Reinforcement learning (RL), which is frequently modeled as sequential learning and decision making in the face of uncertainty, is garnering growing interest in recent years due to its remarkable success in practice. In contemporary RL applications, it is increasingly more common to encounter environments with prohibitively large state and action space, thus imposing stringent requirements on the sample and computational efficiency of the RL algorithms in use. Despite the empirical success, however, the theoretical underpinnings for many popular RL algorithms remain highly inadequate even for the tabular setting.
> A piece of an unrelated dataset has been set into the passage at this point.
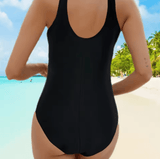 Slim Fit Round Neck One-Piece Swimsuit – Sporty, Stylish & Comfortable – Women’s Summer Swimwear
In this talk, we present two vignettes regarding the effectiveness of RL algorithms. The first vignette demonstrates that a perturbed model-based RL approach is minimax optimal under a generative model, without suffering from a sample size barrier that was present in all past work. The second vignette covers policy optimization in reinforcement learning. On the one hand, we demonstrate that the popular softmax policy gradient method can take exponential time to converge; on the other hand, employing natural policy gradients and enforcing entropy regularization provably achieve fast global convergence. These results cover two distinctive RL paradigms, and might shed light on the efficacy of these algorithms in more complicated scenarios.
Yuxin Chen is currently an assistant professor in the Department of Electrical Engineering at Princeton University, and is affiliated with Applied and Computational Mathematics, Computer Science, and Center for Statistics and Machine Learning. Prior to joining Princeton, he was a postdoctoral scholar in the Department of Statistics at Stanford University, and he completed his Ph.D. in Electrical Engineering at Stanford University. His research interests include high-dimensional statistics, mathematical optimization, and reinforcement learning. He has received the Princeton graduate mentoring award, the AFOSR Young Investigator Award, the ARO Young Investigator Award, the ICCM best paper award (gold medal), and was selected as a finalist for the Best Paper Prize for Young Researchers in Continuous Optimization.